Re: RE: Brown accused him of sending out mixed messages
Matt Bryant's analysis seems, to me, quite incorrect. There are some crucial facts missing that make a significant difference.
Firstly, and crucially, cannabis used to be Class B. This was until Home Secretary David Blunkett, in line with the advice from ACMD, downgraded it to Class C. That was, I think, in (or around) 2002.
It could have been left at that. Matter settled.
But no. Gordon Brown wanted the reclassification reversed. And so a succession of Home Secretaries, under Gordon Brown, have looked at, pursued, and sought to defend the reversal of the earlier reclassification. Wacqui Spliff did a particularly bad job of this, the fruits of which include the current storm.
Secondly, the ACMD isn't a purely scientific advisory body. While there are scientists on it, there are also police and others as well. According to their terms of reference:-
"It shall be the duty of the Advisory Council to keep under review the situation in the United Kingdom with respect to drugs which are being or appear to them likely to be misused and of which the misuse is having or appears to them capable of having harmful effects sufficient to constitute a social problem, and to give to any one or more of the Ministers, where either Council consider it expedient to do so or they are consulted by the Minister or Ministers in question, advice on measures (whether or not involving alteration of the law) which in the opinion of the Council ought to be taken for preventing the misuse of such drugs or dealing with social problems connected with their misuse, and in particular on measures which in the opinion of the Council, ought to be taken."

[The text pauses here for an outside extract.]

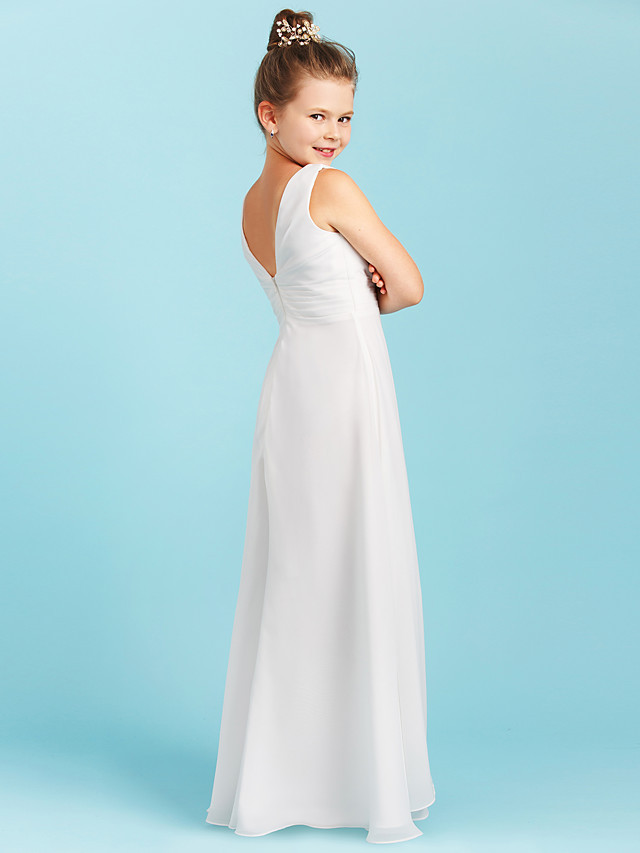 Sheath / Column Jewel Neck Floor Length Chiffon Junior Bridesmaid Dress With Pleats / Ruched / Wedding Party / Open Back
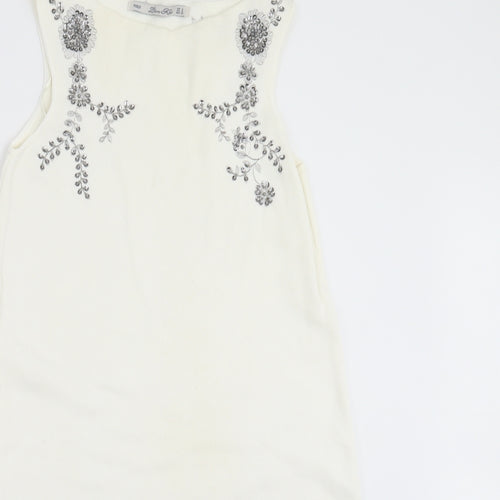 Zara Knit Womens Ivory Floral  Shift  Size S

(http://drugs.homeoffice.gov.uk/drugs-laws/acmd/about-us/terms-of-reference/)
As for dealing with adverse press, it should be really quite easy for the government to spin things the right way round. Having cannabis at Class B would suggest that Class C drugs were significantly less harmful - is that the message that the tabloids want to send to young people? Likewise, having ecstasy and heroin in the same class, Class A, suggests that heroin isn't that much worse than ecstasy - is that what the papers want the government telling young people?
Instead, the government's spinning it so horrendously badly, it's unbelievable. They argue that to have cannabis in Class C risks sending a message that cannabis is okay, acceptable. But that argument only makes sense as long as Class C is supposed to be the class of acceptable drugs - is that really the message the government wants to send? Likewise, having ecstasy in Class A, along with heroin, says it's nearly as bad as heroin, and therefore (equivalently) heroin isn't much worse than ecstasy - is that really the message the government wants young people to get?
I don't entirely disagree with all of Matt Bryant's kind of analysis, though. To me, it looks like this drugs fiasco is another case of 42 days. With 42 days, Gordon Brown wanted to show that he was tough on terror. Reversing the reclassification of cannabis is much the same, but with drugs instead. It's supposed to show that he's tough on drugs. Trouble is, as with 42 days, he's got the problem that he's fundamentally on the wrong side of the facts and the wrong side of the debate.
From an anti-prohibitionist perspective, this fiasco is quite wonderful. Mainstream prohibitionism is clearly in decline, while a new, broad, post prohibitionist consensus seems to be emerging. Prohibitionists seem to be splitting into two groups: the pragmatists who increasingly accept that prohibition isn't working; and the dogmatists who stubbornly insist on sticking with hard-line prohibition. While the pragmatists are becoming part of the emerging, post prohibitionist consensus, the dogmatists are increasingly seen as some kind of lunatic fringe - government and Tory opposition included. It doesn't help the dogmatists' cause that they keep wanting to do crazy things like deliberately overrate cannabis and ecstasy to "send a message".
The emerging post prohibitionist consensus appears to stretch from long-standing, ideological anti-prohibitionism, all the way to the kind of post prohibitionist pragmatism that's emerging from mainstream prohibitionism. It's broad, and seems to be increasingly the majority consensus, outside of which Gordon Brown has managed to maroon himself.